Cuando comulgamos, Cristo mismo, todo entero, con su Cuerpo, su Sangre, su Alma y su Divinidad, se nos da en una unión inefablemente íntima que nos configura con Él de un modo real, mediante la transformación y asimilación de nuestra vida en la suya. Cristo, en la Comunión, no solamente se halla con nosotros, sino en nosotros.
No está Cristo en nosotros como un amigo está en su amigo: mediante una presencia espiritual activada por un recuerdo más o menos constante. Cristo está verdadera, real y sustancialmente presente en nuestra alma después de comulgar. «Yo soy el pan de los fuertes –dijo el Señor a San Agustín, y podemos aplicarlo ahora a la Eucaristía–; cree y me comerás. Pero no me cambiarás en tu sustancia propia, como sucede al manjar de que se alimenta tu cuerpo, sino al contrario, tú te mudarás en Mí». ¡Cristo nos da su vida! ¡Nos diviniza! ¡Nos transforma en Él! Vuelca sobre nuestra alma necesitada los infinitos méritos de la Pasión, nos envía nuevas fuerzas y consuelos, y nos introduce en su Corazón amantísimo, para transformarnos según sus sentimientos. De la Eucaristía manan todas las gracias y los frutos de vida eterna –para la humanidad y para cada alma–, porque en este sacramento «se contiene todo el bien espiritual de la Iglesia»13. Si consideramos frecuentemente los efectos de este sacramento en el alma que lo recibe dignamente, nos ayudará a sacar mucho más fruto de la Comunión eucarística y de la Comunión espiritual y, por tanto, a dirigirnos más rápidos hacia Dios; a valorar la necesidad de recibir al Señor con mucha frecuencia, y aun diariamente, y a esmerarnos en la preparación y en la acción de gracias. Cada día, nosotros podemos decir a Jesús: Señor, danos siempre de ese pan.

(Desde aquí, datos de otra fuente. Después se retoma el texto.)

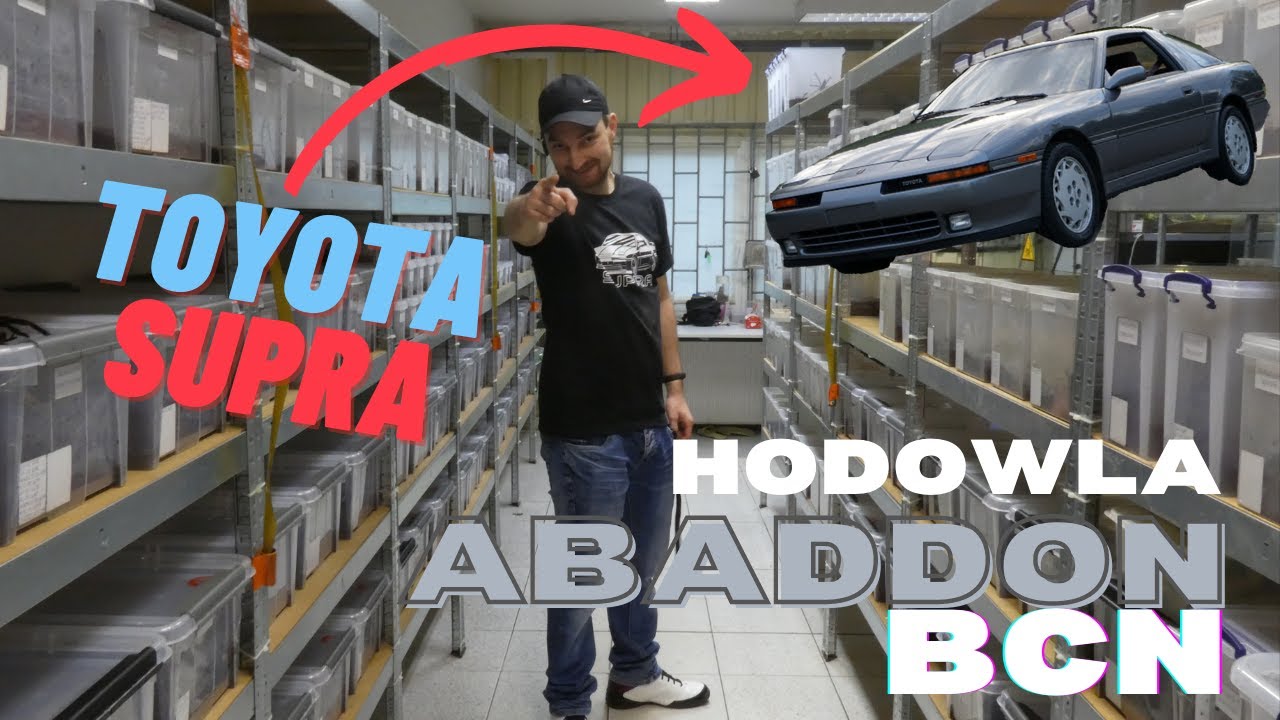 NAJSZYBSZY HODOWCA PTASZNIK&Oacute;W W POLSCE?! Polscy terraryści i ich hodowle |AbaddonBCN| Arachnohobbia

El alma es elevada al plano sobrenatural; las virtudes de Jesús vivifican el alma, y queda esta como incorporada a Él, como miembro de su Cuerpo Místico. Entonces podemos decir en toda su plenitud: Vivo, pero ya no yo, es Cristo quien vive en mí14.

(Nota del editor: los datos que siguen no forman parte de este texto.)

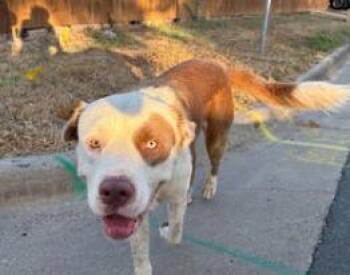 Chuck -  American Bulldog and Pit Bull Terrier Dog for Adoption in Boulder, Colorado - Chuck | PetCurious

También se cumplen en cada Comunión aquellas palabras del Señor en la Última Cena: Si alguno me ama –y recibirle con piedad y devoción es el mayor signo de amor– guardará mi palabra, y mi Padre le amará, y vendremos a él y en él haremos morada15. El alma se convierte en templo y sagrario de la Trinidad Beatísima. Y la vida íntima de las tres Divinas Personas empapa y transforma el alma del hombre, sustentando, fortaleciendo y desarrollando en él el germen divino que recibió en el Bautismo.

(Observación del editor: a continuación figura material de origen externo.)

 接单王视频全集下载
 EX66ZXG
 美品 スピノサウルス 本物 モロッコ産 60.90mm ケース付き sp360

Cuando nos acerquemos a recibirle le podemos decir: «Señor, espero en Ti; te adoro, te amo, auméntame la fe. Sé el apoyo de mi debilidad, Tú, que te has quedado en la Eucaristía, inerme, para remediar la flaqueza de las criaturas»16. Y acudiremos a Santa María, pues Ella, que durante treinta y tres años pudo gozar de su presencia visible y le trató con el mayor respeto y amor posible, nos dará sus mismos sentimientos de adoración y de amor.